MATERIAL SUPPLIED:
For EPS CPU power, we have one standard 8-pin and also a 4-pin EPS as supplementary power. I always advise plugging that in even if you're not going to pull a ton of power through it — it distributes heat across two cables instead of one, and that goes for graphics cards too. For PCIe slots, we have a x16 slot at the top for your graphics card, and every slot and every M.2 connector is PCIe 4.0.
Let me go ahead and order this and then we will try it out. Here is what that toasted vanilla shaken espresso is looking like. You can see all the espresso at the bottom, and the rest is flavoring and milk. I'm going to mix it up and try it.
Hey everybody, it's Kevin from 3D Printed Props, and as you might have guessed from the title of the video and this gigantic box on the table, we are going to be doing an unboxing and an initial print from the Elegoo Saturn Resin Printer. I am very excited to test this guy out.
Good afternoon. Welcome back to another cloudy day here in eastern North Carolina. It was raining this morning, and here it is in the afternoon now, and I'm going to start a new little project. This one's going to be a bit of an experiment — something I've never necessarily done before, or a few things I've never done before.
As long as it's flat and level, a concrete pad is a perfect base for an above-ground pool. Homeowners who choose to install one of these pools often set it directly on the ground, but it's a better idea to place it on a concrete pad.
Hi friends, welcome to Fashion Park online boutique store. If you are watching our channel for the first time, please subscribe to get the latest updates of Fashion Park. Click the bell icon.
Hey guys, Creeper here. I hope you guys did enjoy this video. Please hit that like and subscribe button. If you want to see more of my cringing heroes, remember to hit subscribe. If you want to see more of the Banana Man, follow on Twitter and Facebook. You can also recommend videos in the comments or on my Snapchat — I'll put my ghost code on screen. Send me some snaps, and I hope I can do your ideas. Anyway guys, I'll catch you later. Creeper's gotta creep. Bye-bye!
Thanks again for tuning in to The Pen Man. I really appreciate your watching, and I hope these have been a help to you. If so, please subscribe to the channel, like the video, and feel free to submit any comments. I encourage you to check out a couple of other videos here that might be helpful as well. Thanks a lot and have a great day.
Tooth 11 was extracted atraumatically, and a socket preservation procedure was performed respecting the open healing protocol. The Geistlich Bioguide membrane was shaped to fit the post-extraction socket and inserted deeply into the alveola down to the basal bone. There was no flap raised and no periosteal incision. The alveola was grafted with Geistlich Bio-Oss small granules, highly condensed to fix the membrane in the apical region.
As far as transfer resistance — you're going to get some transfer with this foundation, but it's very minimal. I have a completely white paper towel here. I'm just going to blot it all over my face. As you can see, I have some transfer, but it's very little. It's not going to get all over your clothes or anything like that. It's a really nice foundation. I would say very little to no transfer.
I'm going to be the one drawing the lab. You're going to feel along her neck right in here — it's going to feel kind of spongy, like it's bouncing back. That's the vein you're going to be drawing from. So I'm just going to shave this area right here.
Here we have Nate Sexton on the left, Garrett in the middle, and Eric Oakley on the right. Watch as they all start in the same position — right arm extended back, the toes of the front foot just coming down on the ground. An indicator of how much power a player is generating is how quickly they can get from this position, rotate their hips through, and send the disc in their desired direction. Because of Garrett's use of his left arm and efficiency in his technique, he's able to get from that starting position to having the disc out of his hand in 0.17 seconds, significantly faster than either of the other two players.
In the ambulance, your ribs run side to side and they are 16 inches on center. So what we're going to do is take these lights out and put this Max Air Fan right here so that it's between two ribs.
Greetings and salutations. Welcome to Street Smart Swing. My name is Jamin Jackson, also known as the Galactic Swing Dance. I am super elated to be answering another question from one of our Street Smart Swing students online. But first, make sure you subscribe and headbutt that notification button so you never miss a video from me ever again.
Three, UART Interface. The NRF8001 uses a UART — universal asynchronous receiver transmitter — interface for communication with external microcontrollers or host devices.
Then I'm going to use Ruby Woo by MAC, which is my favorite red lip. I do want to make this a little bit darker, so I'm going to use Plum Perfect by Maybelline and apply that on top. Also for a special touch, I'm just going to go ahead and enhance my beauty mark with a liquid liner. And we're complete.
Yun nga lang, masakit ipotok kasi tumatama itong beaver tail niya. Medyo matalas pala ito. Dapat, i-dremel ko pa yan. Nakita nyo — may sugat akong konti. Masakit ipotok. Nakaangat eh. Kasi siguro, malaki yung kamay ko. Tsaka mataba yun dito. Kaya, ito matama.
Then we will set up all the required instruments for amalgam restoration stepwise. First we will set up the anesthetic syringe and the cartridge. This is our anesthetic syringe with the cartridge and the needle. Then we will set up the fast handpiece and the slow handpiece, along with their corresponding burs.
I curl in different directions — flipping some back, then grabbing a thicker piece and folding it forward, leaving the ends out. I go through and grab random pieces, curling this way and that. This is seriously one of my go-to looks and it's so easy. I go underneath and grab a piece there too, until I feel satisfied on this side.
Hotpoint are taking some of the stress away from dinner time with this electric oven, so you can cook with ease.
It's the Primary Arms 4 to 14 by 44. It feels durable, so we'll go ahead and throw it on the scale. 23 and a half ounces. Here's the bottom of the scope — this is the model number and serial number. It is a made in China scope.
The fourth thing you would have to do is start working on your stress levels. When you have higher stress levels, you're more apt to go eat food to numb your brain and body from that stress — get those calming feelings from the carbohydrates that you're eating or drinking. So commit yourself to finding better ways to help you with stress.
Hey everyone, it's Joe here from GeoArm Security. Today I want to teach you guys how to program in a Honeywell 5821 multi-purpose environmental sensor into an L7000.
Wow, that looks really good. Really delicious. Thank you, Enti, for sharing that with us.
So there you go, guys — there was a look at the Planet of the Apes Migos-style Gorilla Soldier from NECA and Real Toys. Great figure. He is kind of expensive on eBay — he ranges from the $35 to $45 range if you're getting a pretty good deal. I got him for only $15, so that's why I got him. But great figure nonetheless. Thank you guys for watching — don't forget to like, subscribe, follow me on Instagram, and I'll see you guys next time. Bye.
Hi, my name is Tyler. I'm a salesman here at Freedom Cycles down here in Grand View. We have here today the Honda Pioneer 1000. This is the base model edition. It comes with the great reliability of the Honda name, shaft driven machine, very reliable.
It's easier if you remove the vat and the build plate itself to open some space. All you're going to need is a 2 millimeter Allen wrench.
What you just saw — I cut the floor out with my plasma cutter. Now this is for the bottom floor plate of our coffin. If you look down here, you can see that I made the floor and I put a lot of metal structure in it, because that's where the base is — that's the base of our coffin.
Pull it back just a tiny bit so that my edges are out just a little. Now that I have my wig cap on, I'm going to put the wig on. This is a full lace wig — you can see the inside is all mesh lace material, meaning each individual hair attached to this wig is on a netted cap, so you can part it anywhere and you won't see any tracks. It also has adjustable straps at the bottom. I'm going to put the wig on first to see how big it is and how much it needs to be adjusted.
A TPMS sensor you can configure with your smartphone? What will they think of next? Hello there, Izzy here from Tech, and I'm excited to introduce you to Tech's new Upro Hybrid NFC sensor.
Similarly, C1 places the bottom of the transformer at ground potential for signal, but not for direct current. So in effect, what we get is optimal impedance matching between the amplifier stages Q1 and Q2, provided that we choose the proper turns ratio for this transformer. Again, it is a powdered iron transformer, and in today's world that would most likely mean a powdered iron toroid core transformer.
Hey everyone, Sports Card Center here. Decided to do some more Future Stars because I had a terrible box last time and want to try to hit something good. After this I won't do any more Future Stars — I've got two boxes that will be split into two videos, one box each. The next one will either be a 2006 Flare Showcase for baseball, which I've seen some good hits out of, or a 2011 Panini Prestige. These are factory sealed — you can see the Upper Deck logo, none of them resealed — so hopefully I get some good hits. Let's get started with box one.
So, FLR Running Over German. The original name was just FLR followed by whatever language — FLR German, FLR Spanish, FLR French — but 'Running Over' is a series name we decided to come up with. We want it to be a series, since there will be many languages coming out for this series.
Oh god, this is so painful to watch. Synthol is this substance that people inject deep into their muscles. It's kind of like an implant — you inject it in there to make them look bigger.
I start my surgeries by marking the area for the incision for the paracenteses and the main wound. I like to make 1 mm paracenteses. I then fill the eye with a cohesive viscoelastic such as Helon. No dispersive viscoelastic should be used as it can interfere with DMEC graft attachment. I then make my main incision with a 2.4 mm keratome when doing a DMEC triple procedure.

REQUIRED ACTION: Beginning with the line above that contains "Hey everyone, it's", copy each line exactly up to and including the line that contains "Wow, that looks", and go no further.

FINISHED TASK:
Hey everyone, it's Joe here from GeoArm Security. Today I want to teach you guys how to program in a Honeywell 5821 multi-purpose environmental sensor into an L7000.
Wow, that looks really good. Really delicious. Thank you, Enti, for sharing that with us.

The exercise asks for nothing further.